Understanding the orientation is crucial since air passing around the cylinder hits the shape differently depending on whether it flows against the major or minor axis. This impacts the heat loss calculations, particularly how convection and radiation contribute under various conditions.

Heat Loss Calculation

Heat loss in an object involves understanding two main components: radiant heat loss and convective heat loss. The total heat loss is essentially the sum of these two components.

• Radiant Heat Loss (\( q_{\text{rad}} \)): This form of heat loss occurs through radiation, where the surface emits heat to its surroundings without any contact. It is influenced by factors like surface temperature and emittance (which in this case is 0.8).
• Convective Heat Loss (\( q_{\text{conv}} \)): This kind of heat loss occurs due to the movement of air across the surface. It's affected by the speed of the air stream and the temperature difference between the surface and the surrounding environment.

In the exercise, you calculate the convective heat loss by subtracting the radiant heat from the total heat, as shown by: \( q_{\text{conv}} = q_{\text{total}} - q_{\text{rad}} \).

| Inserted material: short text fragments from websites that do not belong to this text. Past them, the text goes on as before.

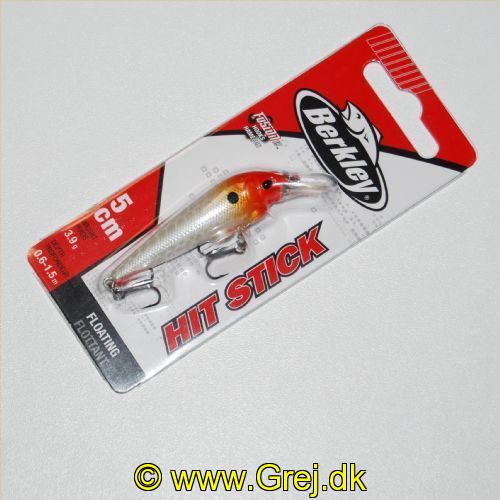 028632936641 - Berkley Hot Stick wobler - 5 cm - 3,9 g - Red Head - Flydende (Floating) - Dybde: 0,6-1,5m
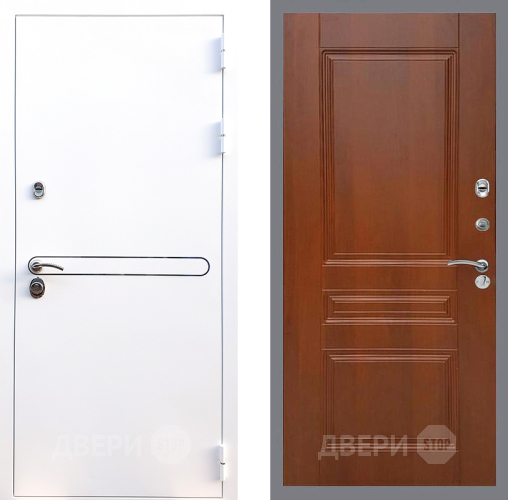 Входная металлическая Дверь Стоп Лайн Вайт ФЛ-243 Итальянский орех в Одинцово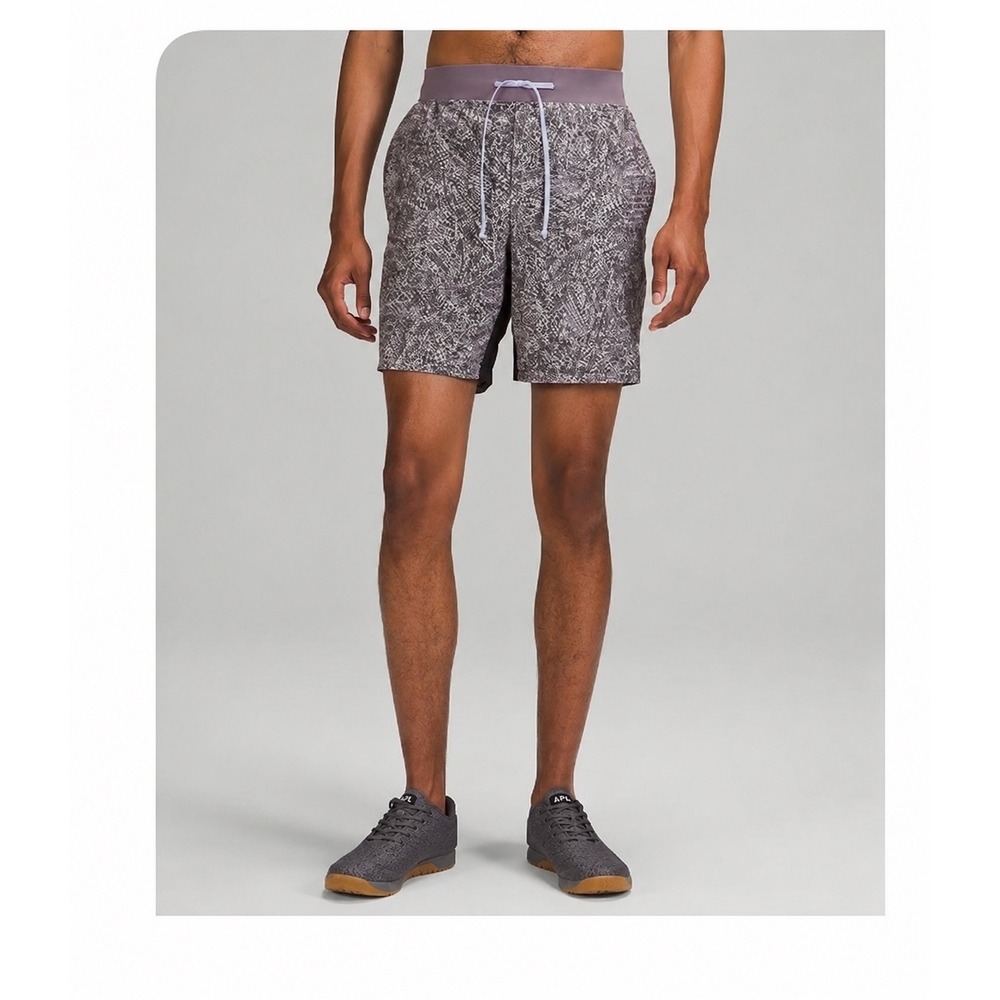 Lululemon THE Linerless Short 7 Parallel Divide Dusky Lavender Mens Large Purple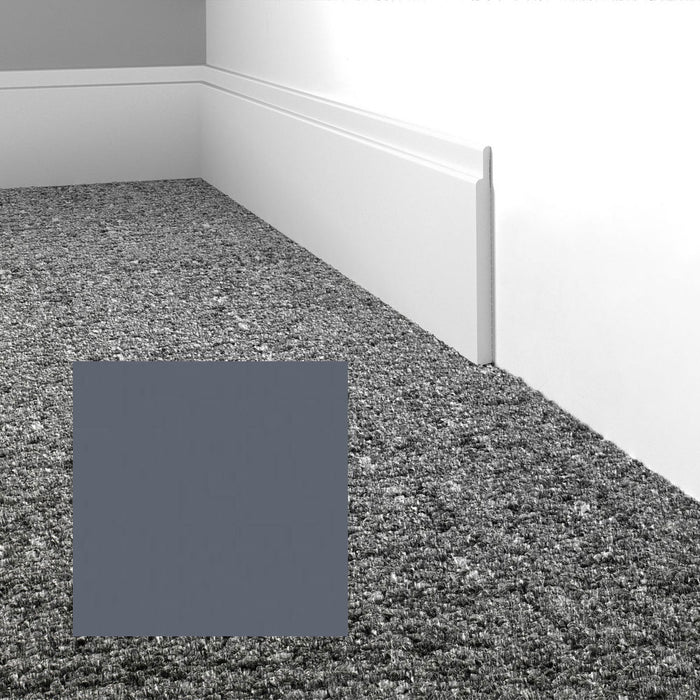Mohawk - Elemental Edges - 4.5 in. Tilted Edge Rubber Wall Base - Slate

This helps isolate how much heat is being lost simply through convection.

Wind Tunnel Experiments

Wind tunnel experiments are used to simulate and study the behavior of air-flow over objects, in this instance, the elliptical cylinder. Such experiments are essential for measuring convective heat loss accurately as they replicate conditions that the cylinder would face in natural air flow.
These tunnels are designed to control variables like air velocity and temperature, which allows us to systematically study their effect on heat transfer. In our problem, different velocities are considered, simulating various wind conditions, from light breezes to stronger winds.
By capturing this data, researchers can extract precise figures for total and convective heat loss under each scenario, which are necessary for creating reliable models for prediction.

Geometry Scaling in Heat Transfer

When scaling up or down a geometric body, like moving from an 8 cm to a 12 cm major axis, the heat transfer characteristics change. This is because the surface area, or the size of the cylinder, has a direct impact on how heat is lost through convection.
The scale factor, which is the ratio of the new dimension to the old dimension (\( \frac{12 \ cm}{8 \ cm} \)), plays a crucial role. Larger areas tend to have different transfer rates, often requiring calculations or models to adjust predictions appropriately.
In our context, understanding this ratio helps adjust the convective heat loss calculated for a different sized cylinder, ensuring that the model remains accurate even with changes in size.